Here, the sterling performance of the six queens means that the show both looks good and sounds even better. Connection is never lost and the queens guide the audience safely through the plot, meaning the structure never unravels. The biggest hurdle in this show is passed with flying colours.
While the queens are at their fabulous best when they are singing in tandem, they have some powerful moments on their own as well. Phoenix Jackson Mendoza is outstanding as Aragon, lighting up the stage with fire, passion and incredibly secure vocals. Loren Hunter’s solo mid-way through the show is a stunning contrast, bringing another side of the queens to the fore and leaving the audience holding their breath.
The witty banter between Kala Gare and Chelsea Dawson provides excellent comic relief and Kiana Daniele’s performance as Cleves is both sultry and super powerful. While all the queens were incredible, Vidya Makan is particularly impressive.
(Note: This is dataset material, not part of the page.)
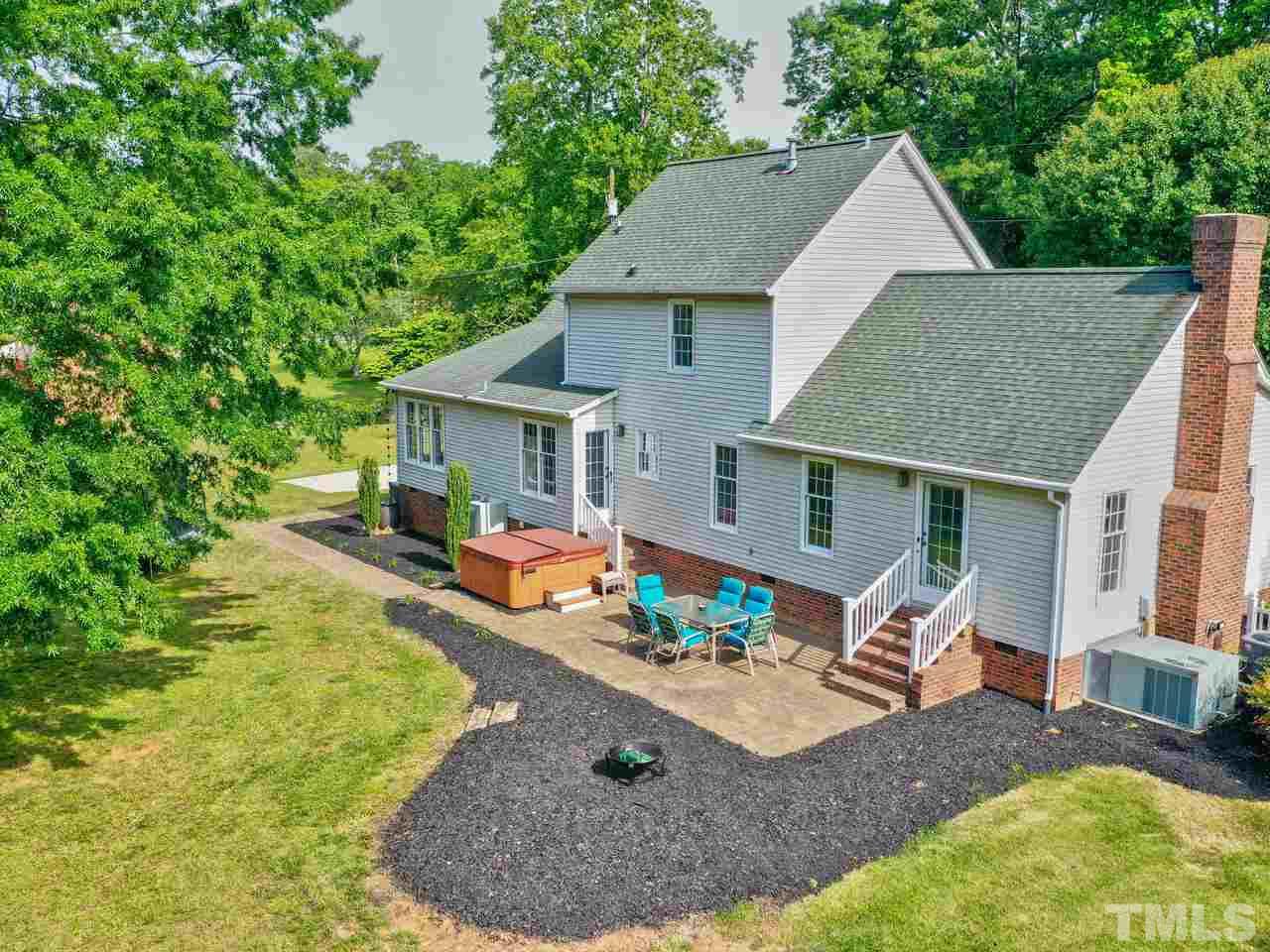 552 Williamsdale Road Graham, NC 27253 - Photo 24 of 29 Gallery Image 24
With one of the more difficult roles (playing the wife who actually survived), Makan approaches the role with grace and gusto, connecting remarkably well with the audience. As her character develops throughout the show, she takes the audience with her, making them feel just as much a part of the journey.
The band are super tight, often moving in sync with the performers as if they are also members of the cast. With such a small ensemble, the energy of the band really helped to fill the space and added a lot of ambiance to the show. The lighting is bedazzling, complementing the performers with all shades of the rainbow as the show progresses. It really is a sight to behold (even if the strobe lighting is borderline blinding at times).
Six is a celebration of female musicality and a very powerful one at that. Its message is simple yet strong and empowering. At only 75 minutes in length, it’s short, sharp and wildly entertaining.
As the quintessential musical of the 21st century, both thematically and stylistically, this show has it all and deserves all the praise it has been getting. It’s clear why the cast album is the second most streamed theatre album globally (after Hamilton). It’s unashamedly brash yet it’s backed up with plenty of substance and life. The style of the show means that it feels a lot more accessible to the audience; they are not just watching a show but are part of the show. And the incredible actresses on stage do everything they can to facilitate that connection.
This isn’t just a show that everyone should see. It’s a true must-watch on the Sydney theatre stage. With live theatre back and booming again, Six truly is the vociferous explosion of life, song and dance that we all need.